Türklerin Anadolu'daki izlerine rastlanması oldukça eskilere dayanmaktadır. Bu izler Türklerin Anadolu'ya ilk akınlarıyla başlar. Bu akınlarında ilki Hunlar tarafından yapılanlarıdır. Asya'dan Avrupa'ya göç eden Türklerin bir kolu dördüncü yüzyıl sonlarında Kafkasları aşarak Anadolu'ya gelip, Erzurum ve Malatya'ya ilerlerler. Aynı kol tekraren geriye dönerek Avrupa'ya ilerleyen ana kola katılırlar.
Bilahare İslamiyet'i kabul eden Türklerin bir kısmı Abbasilerin himayesine girerek, gösterdikleri üstün askeri başarılarından dolayı Suriye, Elcezire ve Doğu Anadolu'yu askeri bir bölge haline getirirler. Daha sonraları buralara Horasan ve Maveraünnehir'den gönüllü olarak getirilen Türkleri yerleştirirler.
Dokuzuncu yüz yıldan itibaren Afşin, Ferganeli Ömer, Semerkantlı haris ve Vasıf gibi Türk komutanların yönetimindeki ordular Bizans'a karşı büyük askeri başarılar elde etseler de, Anadolu'ya yerleşmek üzere Türk akınları Büyük Selçuklu Devleti tarafından başlatılmıştır.
Büyük Selçuklu Devleti kurulmadan önce Tuğrul ve Çağrı Beyler idaresindeki Oğuzlar, Gazneli ve Karahanlılar Devletinin büyük baskıları altında yaşamak zorunda bırakılmıştılar.
Bu baskılardan kurtulabilmek ve daha özgür yaşama adına Tuğrul ve Çağrı beyleri yeni yurt bulmak üzere keşif harekatına mecbur bırakılırlar. İki liderin aldığı bu karar doğrultusunda Çağrı Bey emrindeki kuvvetlerle Gazneli Devletin toprağı olan Horasanı geçerek bin on beş yılında Azerbaycan yoluyla Doğu Anadolu'ya girerek Van gölü çevresini kontrolü altına alır.
Müteakiben kuzeye yönelen Çağrı Bey Nahcıvan ve Gürcistan üzerine yürür.
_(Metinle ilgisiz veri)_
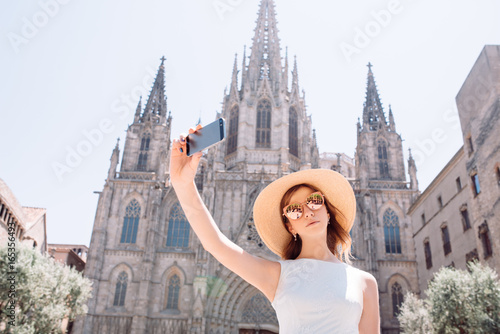 Young female traveler taking self portrayed in Barselona photo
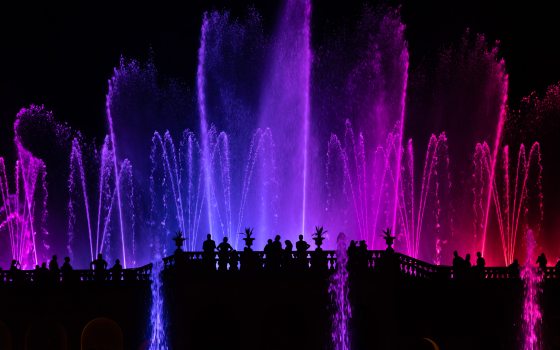 silhouettes of people watching fuchsia, purple, and red fountains rise high against a black sky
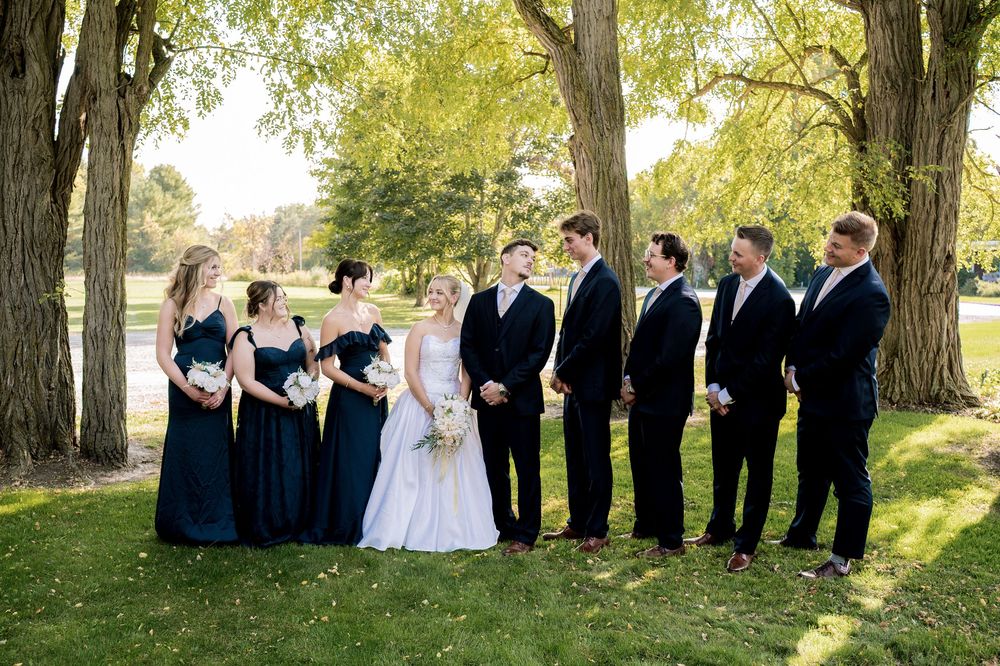 Wedding party in formal attire poses together under tall autumn trees in outdoor setting.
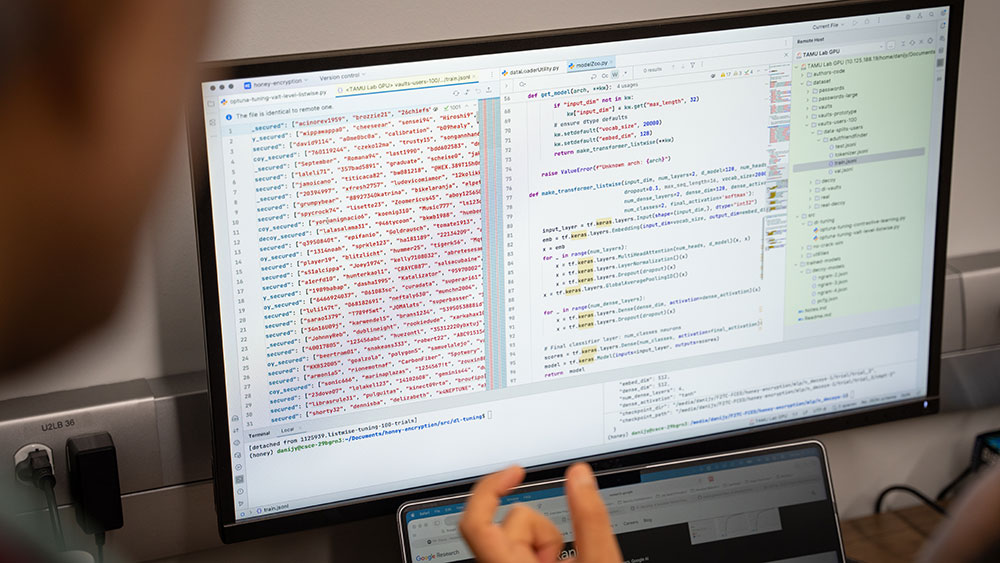 A human hand gestures in front of a computer screen filled with cybersecurity coding text
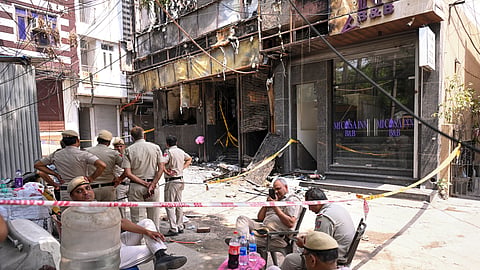 Police personnel keep a vigil at the spot a day after a fire at the Flourish Stay B&B killed at least 21 people, including 12 foreigners, at Hauz Rani area of Malviya Nagar, in New Delhi, Thursday, June 4, 2026.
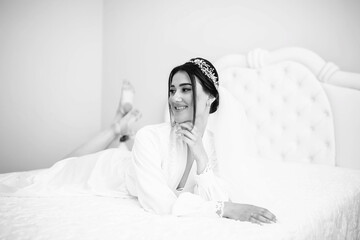 A beautiful, smiling bride in a white dress is sitting on the bed. Wedding portrait of a cheerful girl. Fashion portrait of young elegant woman in bed. Bride in the bed.
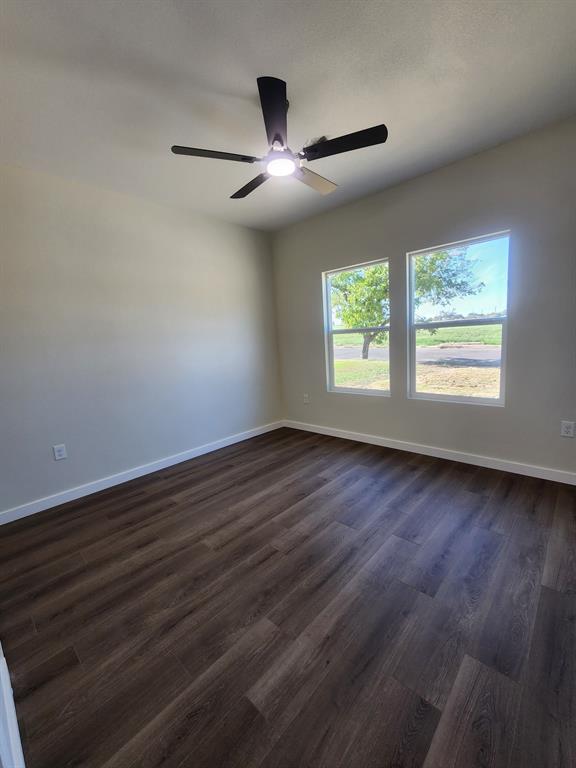 Interior space featuring wood-finish flooring, neutral wall paint, double-pane windows, and a matte black ceiling fan with an integrated light fixture Interior space featuring wood-finish flooring, neutral wall paint, double-pane windows, and a matte black ceiling fan with an integrated light fixture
Yapılan keşif harekatı sonucu, Çağrı Bey ordularıyla birlikte tekraren bin yirmi bir yılında Maveraünnehir bölgesine geri döner. Çağrı Bey, Tuğrul Beyle yaptığı görüşmede yaptığı keşif hakkında bilgi verirken, Bizans'ın kendilerine karşı koyacak güçte olmadığını, Anadolu'nun iklim ve toprak şartları itibariyle yaşamlarına uygun olduğunu ifade eder.
Bu durum karşısında Anadolu'ya yerleşme konusunda fikir birliğine varan liderler, Anadolu'ya yerleşmek üzere yeni akınlar başlatırlar. bin kırk yılında ki Dandanakan savaşı sonrası kurulan Büyük Selçuklu Devleti döneminde ise akınlar daha da hızlanır.
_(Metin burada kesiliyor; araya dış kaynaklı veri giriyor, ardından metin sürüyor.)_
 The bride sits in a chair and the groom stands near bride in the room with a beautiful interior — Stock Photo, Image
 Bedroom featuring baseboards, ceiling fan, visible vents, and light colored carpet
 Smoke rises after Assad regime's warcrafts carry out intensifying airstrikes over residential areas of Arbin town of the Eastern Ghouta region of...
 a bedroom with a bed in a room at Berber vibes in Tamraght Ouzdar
Diğer Oğuz boylarının da Büyük Selçuklu Devletine katılmasıyla daha da güçlenerek Anadolu'nun üzerine yürürler. Bu akınlar esnasında yapılan bir çok savaşta üstün başarılara imza atılarak, bir çok yerleşim yeri fethedilir. Tuğrul Beyin vefatı sonrası ise yerine oğlu Alpaslan geçer.
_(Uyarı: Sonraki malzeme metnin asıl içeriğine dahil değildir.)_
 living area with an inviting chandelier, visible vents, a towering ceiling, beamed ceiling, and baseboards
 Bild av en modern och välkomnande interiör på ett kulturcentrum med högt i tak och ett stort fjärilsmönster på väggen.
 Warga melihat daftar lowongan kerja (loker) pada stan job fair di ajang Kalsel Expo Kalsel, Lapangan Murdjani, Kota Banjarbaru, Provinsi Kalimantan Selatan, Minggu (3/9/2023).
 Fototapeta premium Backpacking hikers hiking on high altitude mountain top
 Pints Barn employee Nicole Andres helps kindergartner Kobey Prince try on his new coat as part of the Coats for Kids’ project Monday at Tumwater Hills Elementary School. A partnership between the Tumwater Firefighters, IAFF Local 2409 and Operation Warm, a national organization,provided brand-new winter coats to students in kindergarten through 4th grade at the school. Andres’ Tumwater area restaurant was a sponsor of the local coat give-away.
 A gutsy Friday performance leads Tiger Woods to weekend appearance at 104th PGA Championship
Alpaslan'ın Büyük Selçuklu Devletinin tahtına geçmesiyle Anadolu'ya yapılan akınların daha da hızlanmasıyla birlikte 1064 yılında Azerbaycan'a gelen Alpaslan, Gürcistan'ın tamamını fetheder. Bizans'ın himayesi altındaki Ermeni ve Gürcü prensliklerini kendi himayesi altına alır.
16 Ağustos 1064 yılında surlarıyla meşhur Bizans'a bağlı Ani kalesi ve Kars çevresinin Alpaslan tarafından fethiyle başlayan Anadolu'nun fethi zamanla diğer bölgelerinde fethinin kapısını açarak Ön Asya'nın Türk yurdu olmasının yanında, Türklerin Avrupa'nın içlerine kadar ilerlemesine vesile olur.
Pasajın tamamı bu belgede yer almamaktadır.